Tuttavia esistono situazioni in cui il problema non è soltanto il mare che sale, ma anche la terra che scende. È il caso dell'Indonesia, che ha deciso di investire circa 80 miliardi di dollari nella costruzione del cosiddetto Giant Sea Wall, una gigantesca barriera marina lunga oltre 500 chilometri che dovrebbe estendersi lungo gran parte della costa settentrionale dell'isola di Giava. Si tratta di un'area strategica dove vivono più di 150 milioni di persone e dove viene prodotto oltre il 50% dell'intero PIL nazionale. L'obiettivo è proteggere città, porti, industrie e infrastrutture dall'avanzata del mare e dalle inondazioni costiere, ma secondo molti ricercatori il vero problema si trova sotto i piedi degli abitanti.

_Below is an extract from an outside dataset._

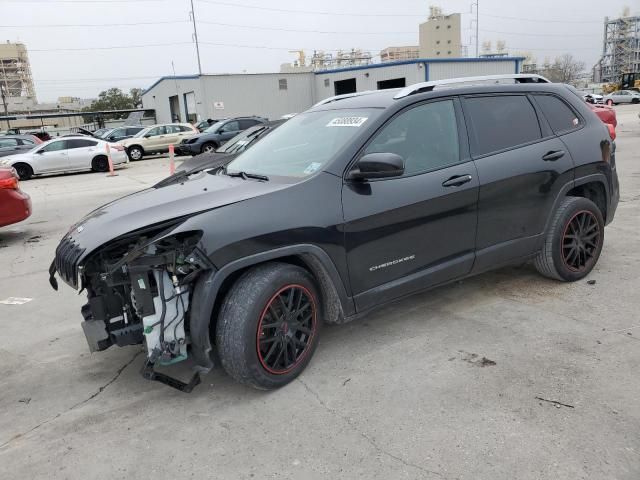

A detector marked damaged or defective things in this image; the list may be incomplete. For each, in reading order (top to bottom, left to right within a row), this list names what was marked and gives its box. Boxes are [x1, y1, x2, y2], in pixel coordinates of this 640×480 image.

front end damage [50, 223, 215, 392]
damaged black jeep cherokee [51, 74, 620, 390]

Uno studio pubblicato nel 2026 ha infatti mostrato che lungo la costa il terreno si abbassa da 1 fino a 15 centimetri all'anno, mentre il livello medio globale del mare cresce di poco più di 3 millimetri all'anno. Entro il 2050, secondo gli autori della ricerca, fino all'85% dell'aumento relativo del livello del mare in molte aree sarà dovuto non all'oceano che sale, ma alla terra che sprofonda. La causa principale è il massiccio sfruttamento delle falde acquifere sotterranee, indispensabili per fornire acqua a milioni di persone ma responsabili della progressiva compattazione del sottosuolo. In alcune zone di Giacarta il terreno è sceso di circa 2,5 metri in appena dieci anni. Per questo motivo molti esperti ritengono che il muro marino possa essere utile per attenuare gli effetti delle mareggiate e dell'ingressione del mare, ma che da solo non possa risolvere il problema.
Se la subsidenza continuerà ai ritmi attuali, anche le aree protette dalla barriera finiranno gradualmente sempre più in basso rispetto al livello del mare, rendendo necessarie opere di drenaggio e manutenzioni permanenti. Il progetto potrebbe quindi rappresentare una parte della soluzione, ma solo se accompagnato da misure efficaci per ridurre il prelievo di acqua dalle falde, migliorare la gestione dei fiumi e affrontare le cause profonde dello sprofondamento del terreno.